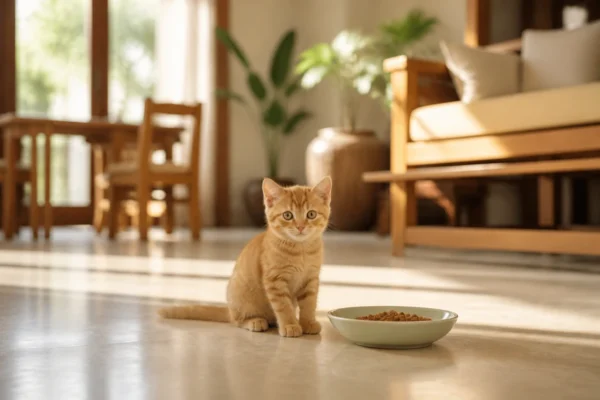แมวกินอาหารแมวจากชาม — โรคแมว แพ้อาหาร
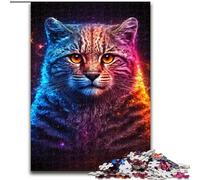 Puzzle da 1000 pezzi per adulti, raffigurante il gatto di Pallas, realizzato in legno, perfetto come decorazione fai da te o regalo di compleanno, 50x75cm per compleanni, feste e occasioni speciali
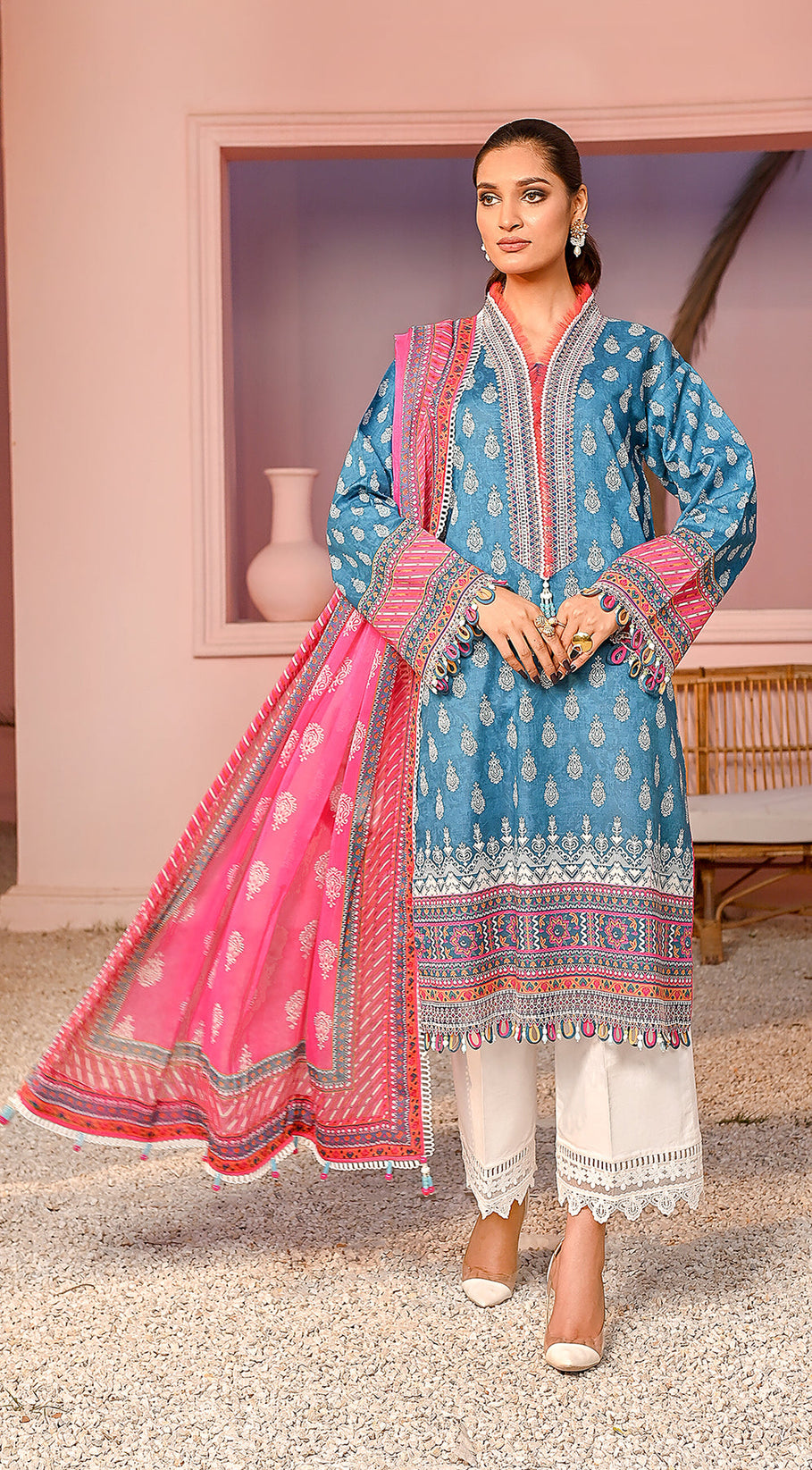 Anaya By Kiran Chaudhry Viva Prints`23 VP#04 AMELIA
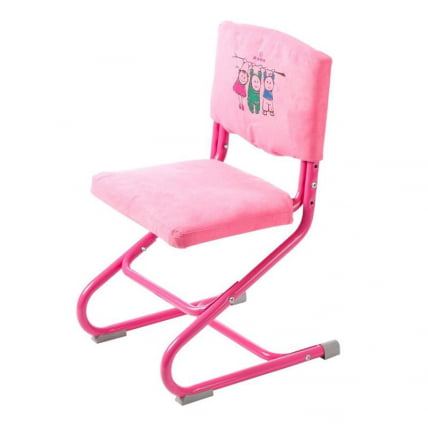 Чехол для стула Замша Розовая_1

----------

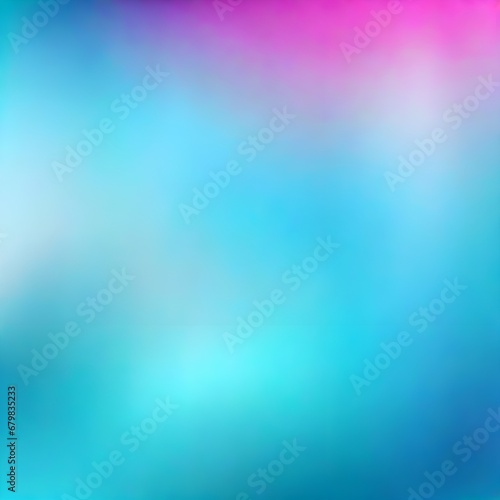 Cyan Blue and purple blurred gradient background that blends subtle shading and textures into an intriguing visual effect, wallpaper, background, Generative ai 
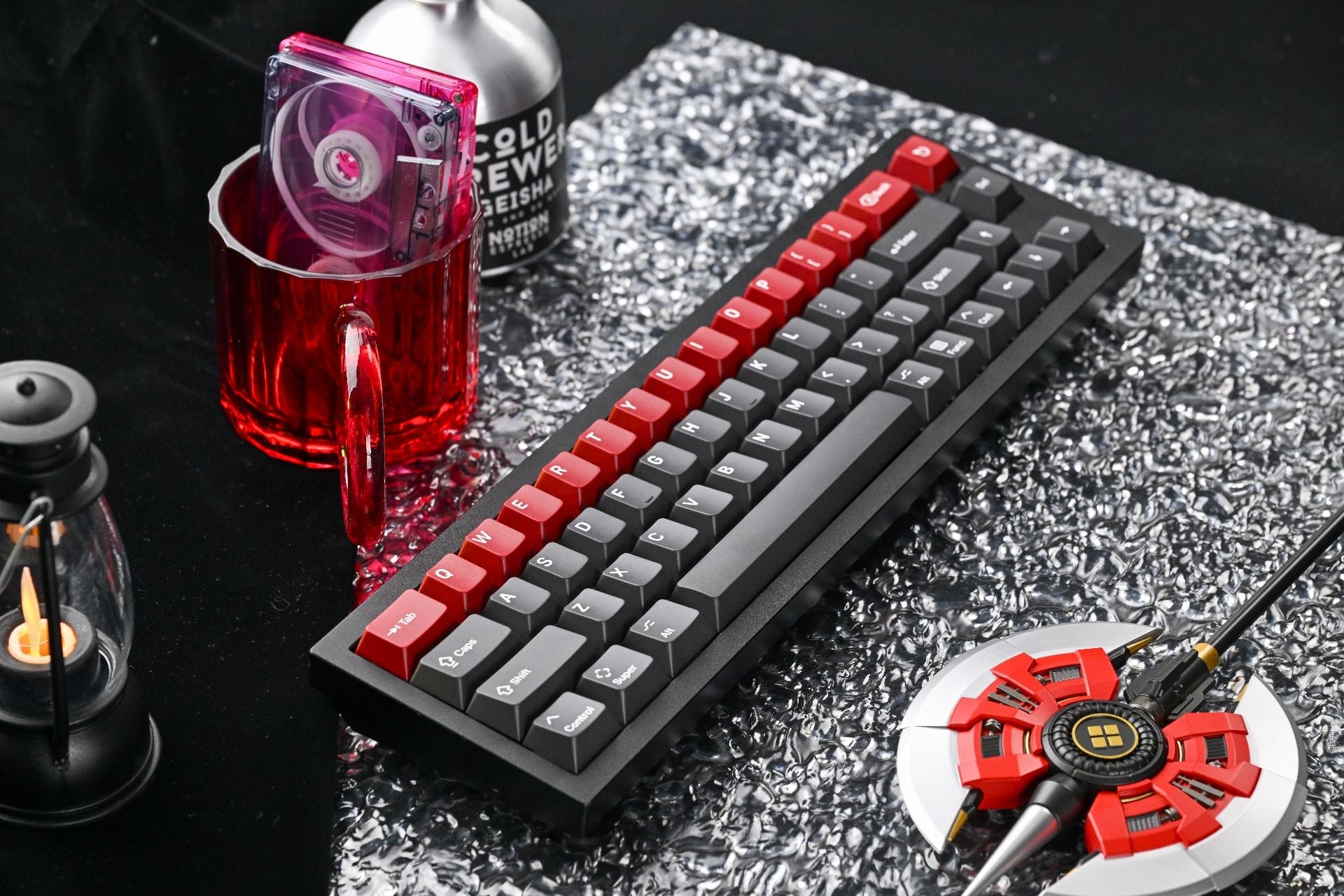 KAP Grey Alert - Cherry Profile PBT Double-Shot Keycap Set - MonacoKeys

----------

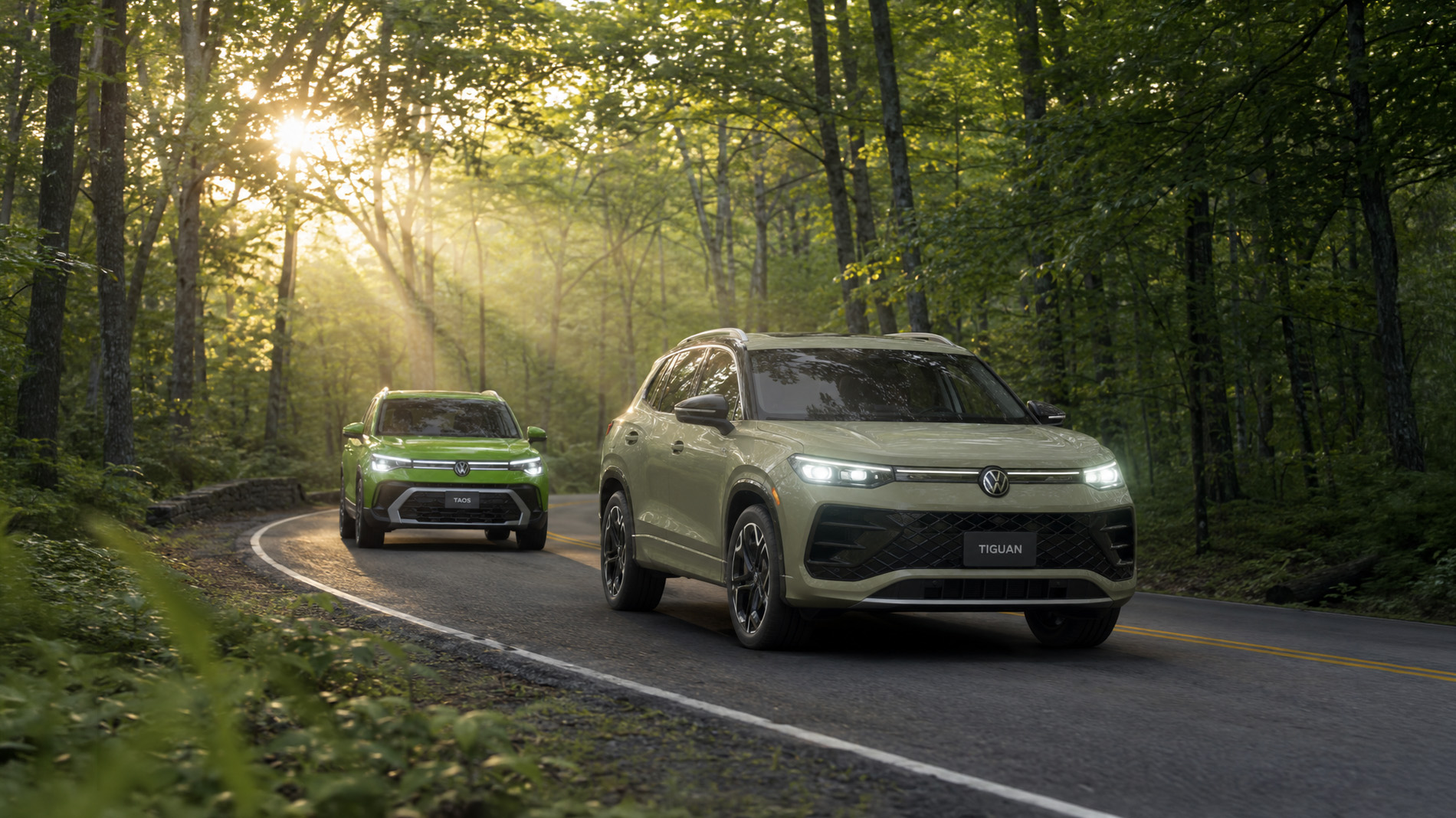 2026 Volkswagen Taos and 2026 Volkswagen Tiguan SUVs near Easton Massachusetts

----------

◆ REQUIREMENT: Reproduce the entries exactly, from the line with "Cyan Blue and" to the line with "KAP Grey Alert", both lines included, keeping no pictures.

◆ RESULT FOR THIS TASK:
 Cyan Blue and purple blurred gradient background that blends subtle shading and textures into an intriguing visual effect, wallpaper, background, Generative ai 
 KAP Grey Alert - Cherry Profile PBT Double-Shot Keycap Set - MonacoKeys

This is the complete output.